“Food is not a product but a process.”

 

From one of my very favourite books (and authors):

“Who can decide? A sucker for seed-catalog prose, I ordered six varieties and planted about a dozen cloves of each. Buried under the soil with a blanket of straw mulch on top, each clove would spend the winter putting out small, fibrous roots. The plant begins working on top growth in early spring, as soon as air temperatures rise above freezing. By midsummer it will have from eight to a dozen long leaves, with one clove at the base of each leaf nestled into the tight knot of a new head. I pull them in late June, and tend to think of that moment as the end of some sort of garden fiscal year. It never really stops, this business of growing things — garlic goes into the ground again in October, just as other frost-killed crops are getting piled onto the compost heap. Food is not a product but a process, and it never sleeps. It just goes underground for a while.”

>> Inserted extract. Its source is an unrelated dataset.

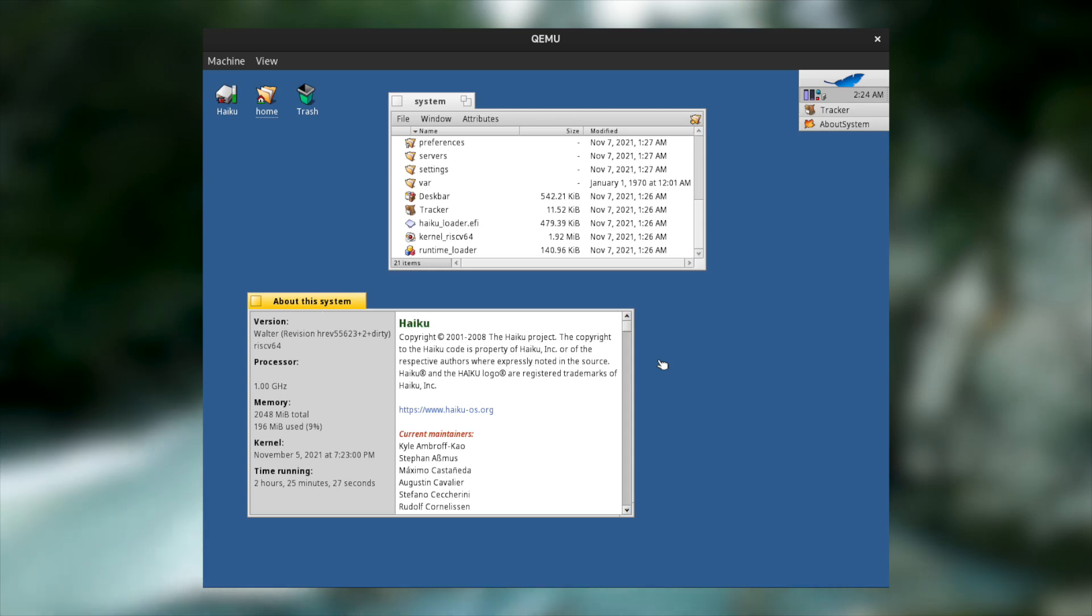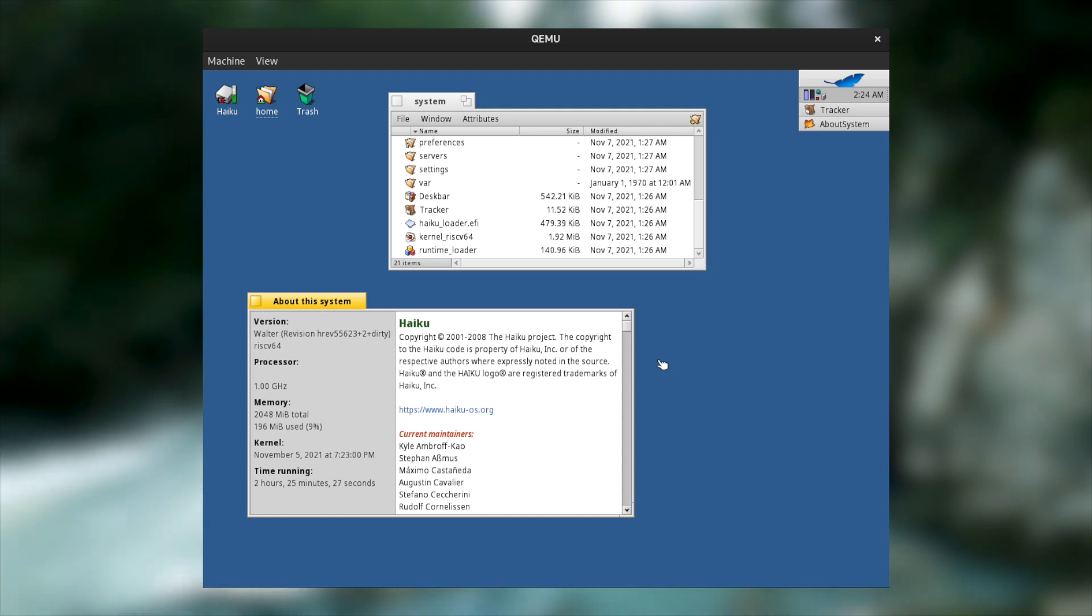I've gotta say, Haiku is seriously growing leaps and bounds at the moment, and today we have even more exciting news from the folks over at Haiku. The RISC-V builds of Haiku are now fully functional, so let's talk about them.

-Page 270, Animal, Vegetable, Miracle: A Year of Food Life, by Barbara Kingsolver.

(Note: Kingsolver lives in Virginia. My mother here in Cape Breton pulls her garlic in late August. Also, the photo is of peas, not garlic, I know.)

I spent a happy weekend at my mother’s in Baddeck. I saw friends, went to see a play that my brother was in, and attended a board meeting for the Bras d’Or Stewardship Society. And then I got two orders of spicy noodles from Wong’s and headed back over the mountain, Kelly’s, to home. New home.